If the immigrant succeeds on appeal, the case will usually be remanded back to the state judge.

That’s more fees.

In the meantime, the immigrant is still in deportation proceedings and needs the help of a removal defense attorney.

Again, that’s more fees.

In other words, justice for immigrants remains elusive for those who cannot afford its price tag.

The Immigration Court’s Retreat From Padilla v. Kentucky


Usually, permanent residents who are picked up and detained by ICE several years after their convictions are considered aggravated felons.

As discussed in The Impact Of Deportation On Lawful Permanent Residents And Their Families, the majority were guilty of nothing more than state misdemeanors . . .  committed 20, 30, 40 years ago.

Being classified as aggravated felons means they are likely subject to mandatory detention.  They will not be entitled to an immigration bond hearing or allowed to post bond.

Custody is a major impediment to victory.

Few, if any, individuals want to remain locked up at a detention center for weeks, months, perhaps years – at the same time their loved ones are paying thousands of dollars to fight deportation.

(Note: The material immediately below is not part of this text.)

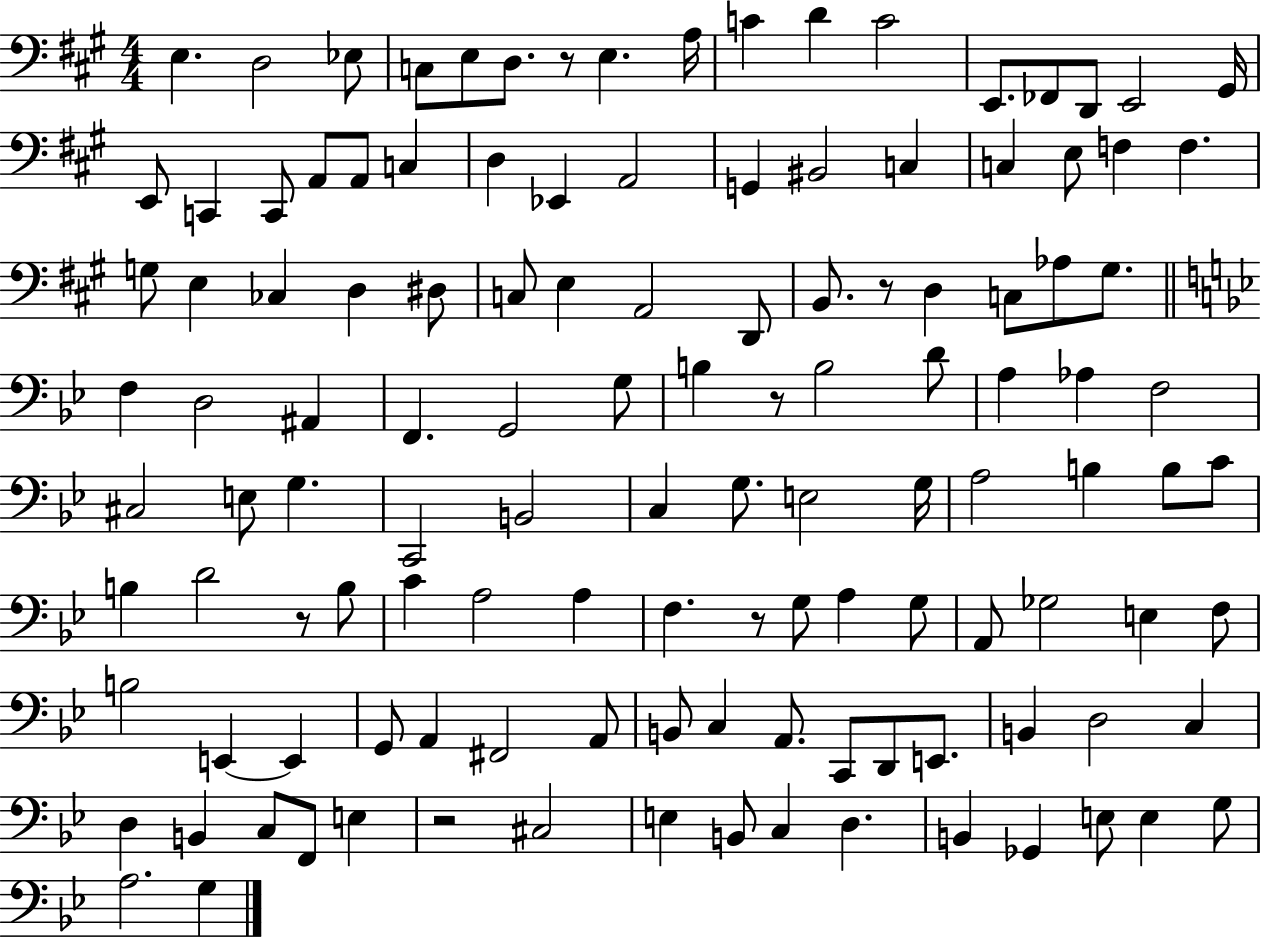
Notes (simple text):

E3/q. D3/h Eb3/e C3/e E3/e D3/e. R/e E3/q. A3/s C4/q D4/q C4/h E2/e. FES2/e D2/e E2/h G#2/s E2/e C2/q C2/e A2/e A2/e C3/q D3/q Eb2/q A2/h G2/q BIS2/h C3/q C3/q E3/e F3/q F3/q. G3/e E3/q CES3/q D3/q D#3/e C3/e E3/q A2/h D2/e B2/e. R/e D3/q C3/e Ab3/e G#3/e. F3/q D3/h A#2/q F2/q. G2/h G3/e B3/q R/e B3/h D4/e A3/q Ab3/q F3/h C#3/h E3/e G3/q. C2/h B2/h C3/q G3/e. E3/h G3/s A3/h B3/q B3/e C4/e B3/q D4/h R/e B3/e C4/q A3/h A3/q F3/q. R/e G3/e A3/q G3/e A2/e Gb3/h E3/q F3/e B3/h E2/q E2/q G2/e A2/q F#2/h A2/e B2/e C3/q A2/e. C2/e D2/e E2/e. B2/q D3/h C3/q D3/q B2/q C3/e F2/e E3/q R/h C#3/h E3/q B2/e C3/q D3/q. B2/q Gb2/q E3/e E3/q G3/e A3/h. G3/q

And that’s only for the families who can afford the fees to fight.

There’s more.

Immigration judges and government attorneys are not willing to delay hearings long enough for immigrants to contest their convictions at state court.  Despite Padilla v. Kentucky.

In their view, the past conviction is a final conviction.

In the mid 1990s, when Congress stripped permanent residents of rules allowing them to fight deportation after committing certain offenses, they also took away immigrants’ rights to defer deportation while the constitutional defects of  the same convictions were being addressed in state court.

But if immigrant detainees are not allowed time to go back to state court, there is no way to fight the conviction.  And if there is no way to fight the conviction, there is no chance to avoid deportation.

Such outcomes are not the outcomes of blind justice . . .  nor the outcomes envisioned by the Supreme Court.